EXAMPLE:  Fixed Rate Mortgage of 6%.       R  =  r   +  INFe

See graph page 88, shows the period of NEGATIVE actual real rates from about 1972 - 1982.  Why??

ISSUE: We easily and accurately observe nominal interest rates (R) every day in WSJ, e.g. two year Tnotes now yield 6.05% (R = 6.05%).  We also know that
R = r + INFe,  but how to decompose R into the two component: r and INFe?  That is, how to we precisely determine the market's expectation of INF, INFe?  Once we know  INFe,  we can easily solve for the real rate (r).  See page page 89 for discussion of Indexed Tbonds - Treasury Inflation Protection Securities.  These securities are sold to give an investor a guaranteed real rate (r), by adjusting both a) PMTS and b) FV for ACTUAL inflation.

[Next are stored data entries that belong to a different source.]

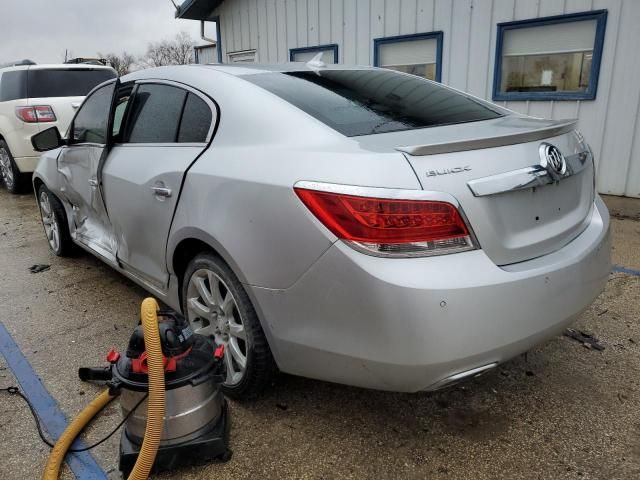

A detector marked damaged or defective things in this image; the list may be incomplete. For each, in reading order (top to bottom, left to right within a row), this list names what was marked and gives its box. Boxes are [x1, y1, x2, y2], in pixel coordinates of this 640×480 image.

damaged door panel [56, 80, 117, 260]
damaged door panel [101, 81, 216, 288]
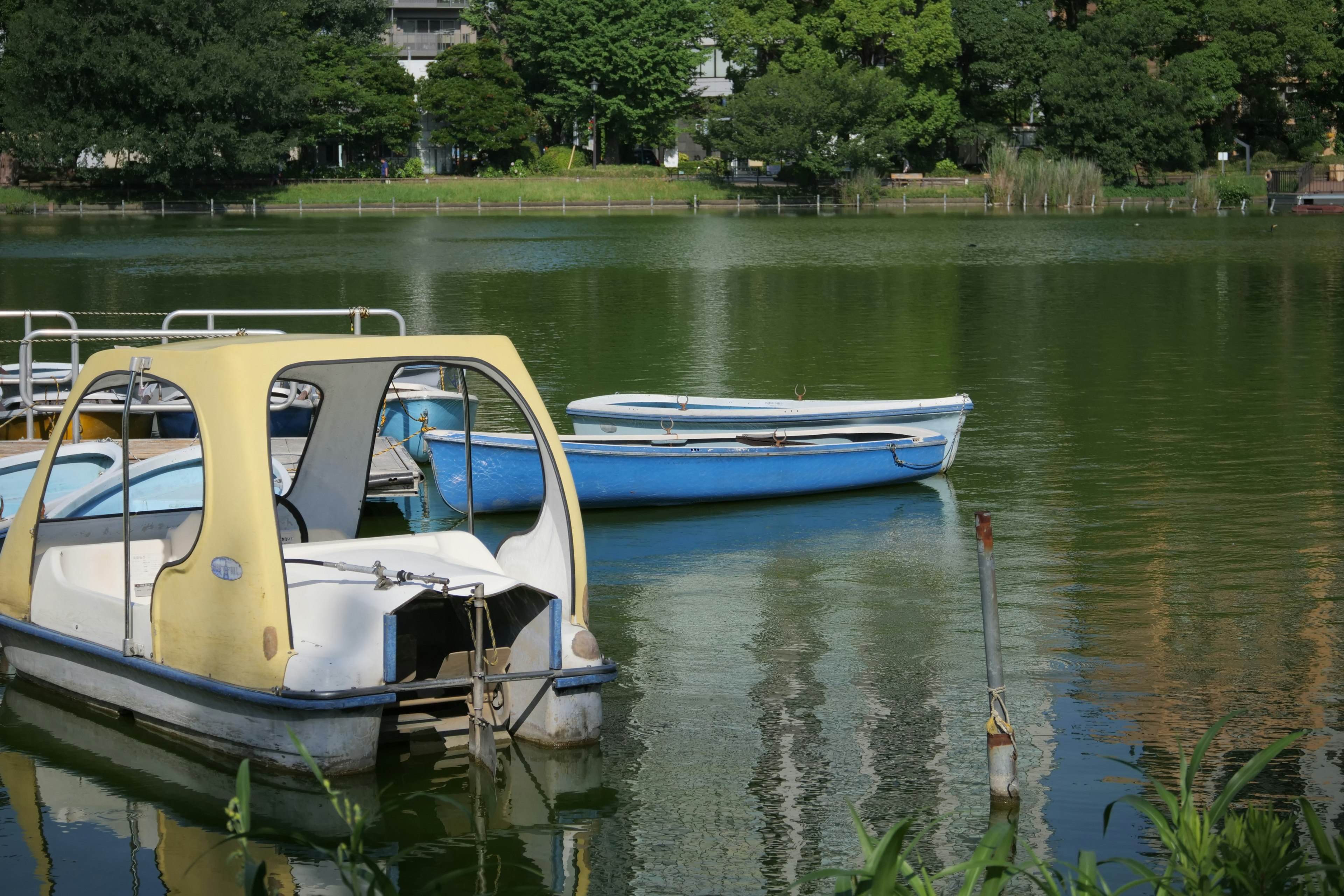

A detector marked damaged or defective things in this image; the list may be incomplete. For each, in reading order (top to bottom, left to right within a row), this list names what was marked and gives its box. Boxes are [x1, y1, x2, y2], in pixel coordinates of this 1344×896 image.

rusty mooring post [978, 510, 1016, 806]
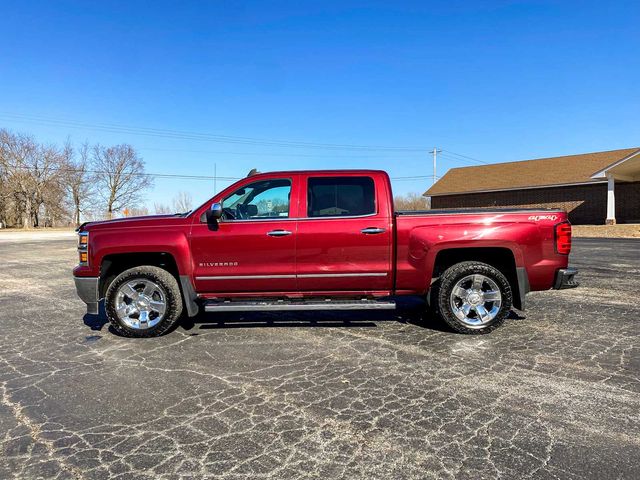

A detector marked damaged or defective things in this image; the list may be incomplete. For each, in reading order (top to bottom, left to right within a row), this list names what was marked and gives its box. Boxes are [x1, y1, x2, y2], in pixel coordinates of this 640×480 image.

cracked asphalt pavement [0, 235, 636, 476]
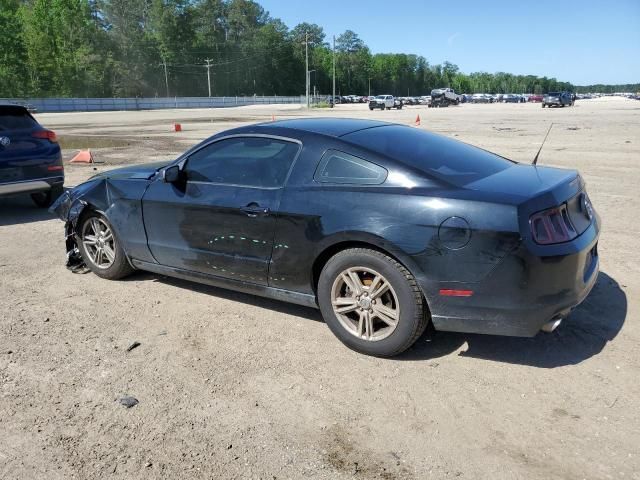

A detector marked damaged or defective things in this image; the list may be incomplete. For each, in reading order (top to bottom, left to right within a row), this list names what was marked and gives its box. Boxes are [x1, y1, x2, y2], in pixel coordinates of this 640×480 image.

damaged ford mustang [51, 119, 600, 356]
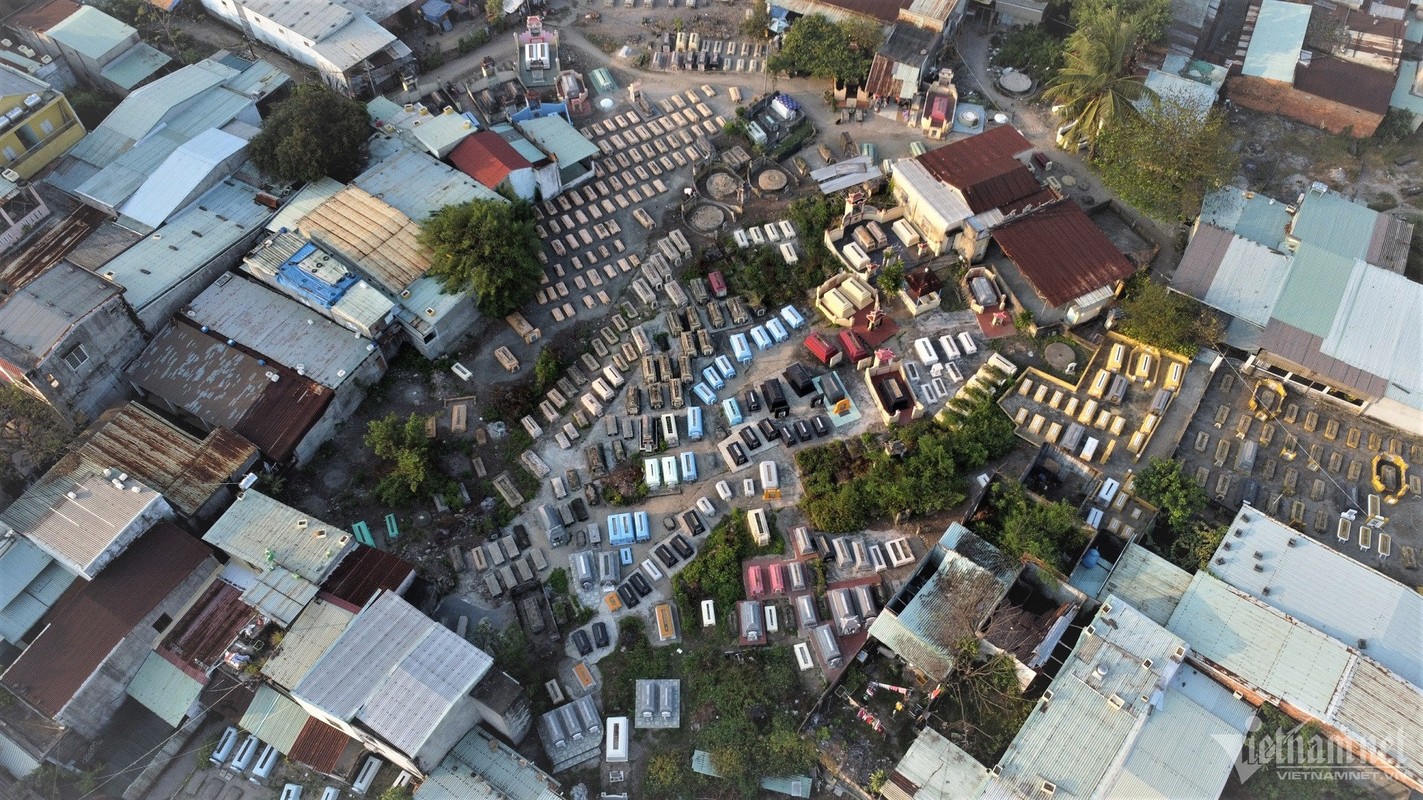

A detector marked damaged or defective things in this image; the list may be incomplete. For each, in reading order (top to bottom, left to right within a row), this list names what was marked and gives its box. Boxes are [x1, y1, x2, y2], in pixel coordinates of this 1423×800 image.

rusty metal roof [990, 200, 1132, 306]
rusty metal roof [128, 317, 332, 461]
rusty metal roof [0, 523, 213, 717]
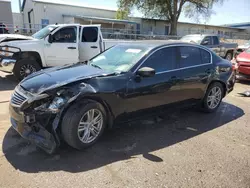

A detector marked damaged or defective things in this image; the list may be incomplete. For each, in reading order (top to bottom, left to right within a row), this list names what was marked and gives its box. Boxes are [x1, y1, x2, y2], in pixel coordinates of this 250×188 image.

cracked bumper cover [9, 104, 57, 154]
damaged front bumper [9, 103, 58, 153]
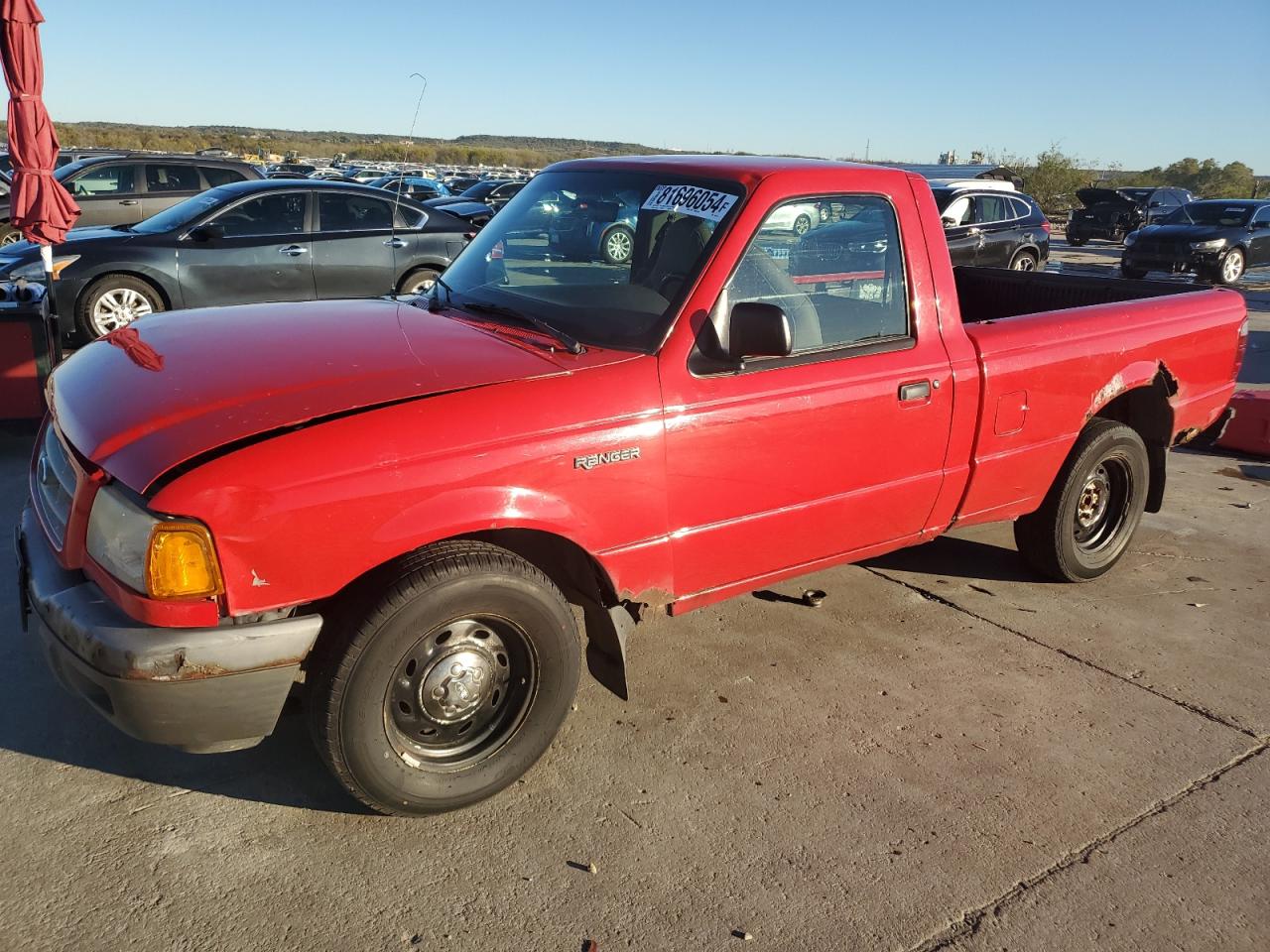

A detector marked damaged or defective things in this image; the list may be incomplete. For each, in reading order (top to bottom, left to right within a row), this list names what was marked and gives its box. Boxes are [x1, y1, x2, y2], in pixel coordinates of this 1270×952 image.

crack in pavement [863, 571, 1259, 741]
crack in pavement [899, 746, 1264, 952]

Example: 5 year TIPS sold @\$1000 with a real return (r) = 3.5%, Annual PMTS = \$35, FV = \$1000.  Assume actual inflation is 2% during YR 1. PMT becomes \$35 + 2% = \$35.70. Principal (FV) becomes \$1000 + 2% = \$1020. Full protection against inflation, guaranteeing investor a real return (r) of 3.5%.

We can look at regular Tbonds for the nominal yield (R) and TIPS for the real rate (r), and calculate the INFe by taking the difference.  For example, current yields on 8 year regular Treasuries (R) are about 6.25% and the yield on an 8 year TIPS (r) is 3.625%.  Therefore INFe =  _________________________ over the next 8 years.